Really though, this is a good thing. Because if we were able to see and experience infinity, then that would mean we could understand the true nature of divinity. And that was a step too far, even for Bruno.
Scholars of Ancient Greece will recognize the term ‘World Soul’ from Plato’s philosophy. In the Timaeus Plato describes an absolute, eternal God alongside the World Soul which contained and animated the world. Bruno took these ideas one step further by developing this dualistic conception of the divine into a unified version that combined God and the World Soul together.
How Giordano Bruno the Heretic Influenced Later Philosophers
As stated above, Giordano Bruno was executed as a heretic by the Catholic Church. Although he was not particularly ‘famous’ during his own lifetime, Bruno’s death later served to illustrate the dogmatic intolerance of organized religion. Many thinkers, including John Toland, pointed to Bruno’s death as emblematic of serious repression within the Catholic Church.
As science and philosophy continued to evolve, many people began to revisit Bruno’s theories on infinity. Some sources believe that Baruch Spinoza was likely influenced by Bruno’s pantheism. Other philosophers, such as Friedrich Schelling, connected Bruno’s pantheistic views with idealist philosophies of unity and identity.
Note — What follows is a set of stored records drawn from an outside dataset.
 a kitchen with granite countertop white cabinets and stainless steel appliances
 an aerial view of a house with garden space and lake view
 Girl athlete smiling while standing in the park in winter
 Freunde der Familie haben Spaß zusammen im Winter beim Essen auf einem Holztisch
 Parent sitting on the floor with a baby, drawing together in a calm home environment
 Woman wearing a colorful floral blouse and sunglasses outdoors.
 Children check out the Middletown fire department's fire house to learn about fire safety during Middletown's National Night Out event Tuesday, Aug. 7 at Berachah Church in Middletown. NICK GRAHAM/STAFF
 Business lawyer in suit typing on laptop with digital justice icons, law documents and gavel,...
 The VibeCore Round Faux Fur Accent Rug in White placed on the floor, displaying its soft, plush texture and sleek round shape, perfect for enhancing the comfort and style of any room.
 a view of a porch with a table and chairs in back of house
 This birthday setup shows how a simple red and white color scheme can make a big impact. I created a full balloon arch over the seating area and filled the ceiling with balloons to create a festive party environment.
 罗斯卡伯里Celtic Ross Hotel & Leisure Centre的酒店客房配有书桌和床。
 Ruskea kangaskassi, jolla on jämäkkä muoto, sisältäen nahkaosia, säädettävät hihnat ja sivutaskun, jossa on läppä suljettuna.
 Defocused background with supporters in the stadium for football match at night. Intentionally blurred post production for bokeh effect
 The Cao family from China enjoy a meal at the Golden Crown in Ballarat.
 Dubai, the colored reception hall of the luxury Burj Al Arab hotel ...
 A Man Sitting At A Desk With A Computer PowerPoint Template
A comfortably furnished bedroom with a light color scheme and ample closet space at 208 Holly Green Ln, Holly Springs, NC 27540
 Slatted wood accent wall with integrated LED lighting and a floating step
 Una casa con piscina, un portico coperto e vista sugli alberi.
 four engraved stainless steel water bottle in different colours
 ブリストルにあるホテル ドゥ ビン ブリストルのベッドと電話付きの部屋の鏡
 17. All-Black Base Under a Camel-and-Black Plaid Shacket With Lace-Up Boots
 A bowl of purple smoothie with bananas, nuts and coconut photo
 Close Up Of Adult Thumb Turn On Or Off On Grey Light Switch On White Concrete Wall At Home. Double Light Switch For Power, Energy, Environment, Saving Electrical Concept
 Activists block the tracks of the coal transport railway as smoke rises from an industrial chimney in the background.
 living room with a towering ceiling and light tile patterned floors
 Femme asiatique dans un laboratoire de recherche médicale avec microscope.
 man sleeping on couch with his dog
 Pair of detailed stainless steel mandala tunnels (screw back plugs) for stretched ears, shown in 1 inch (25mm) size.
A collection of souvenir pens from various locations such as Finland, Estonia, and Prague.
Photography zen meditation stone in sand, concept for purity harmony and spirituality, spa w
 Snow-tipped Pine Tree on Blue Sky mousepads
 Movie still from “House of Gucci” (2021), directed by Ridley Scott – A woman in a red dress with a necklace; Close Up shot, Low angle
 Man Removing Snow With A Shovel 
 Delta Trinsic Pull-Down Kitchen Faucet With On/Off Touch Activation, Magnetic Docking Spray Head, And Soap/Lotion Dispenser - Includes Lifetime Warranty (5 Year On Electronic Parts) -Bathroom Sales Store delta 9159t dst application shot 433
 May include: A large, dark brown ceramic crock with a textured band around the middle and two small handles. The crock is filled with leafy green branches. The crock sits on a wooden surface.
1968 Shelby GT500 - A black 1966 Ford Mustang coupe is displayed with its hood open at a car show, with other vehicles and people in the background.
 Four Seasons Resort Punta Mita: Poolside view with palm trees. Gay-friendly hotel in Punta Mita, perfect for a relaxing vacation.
Scholars today argue whether Bruno really was a true pantheist or not. But since there is no proper ‘one size fits all’ definition of pantheism in the first place, these discussions can be somewhat reductive. Bruno became fascinated by the idea of ‘oneness’ and unity between all things. He also clearly rejected orthodox Christian notions of God and replaced them with an infinite World Soul that infused all material objects with divine matter. If this doesn’t belong under the pantheism umbrella, then what does?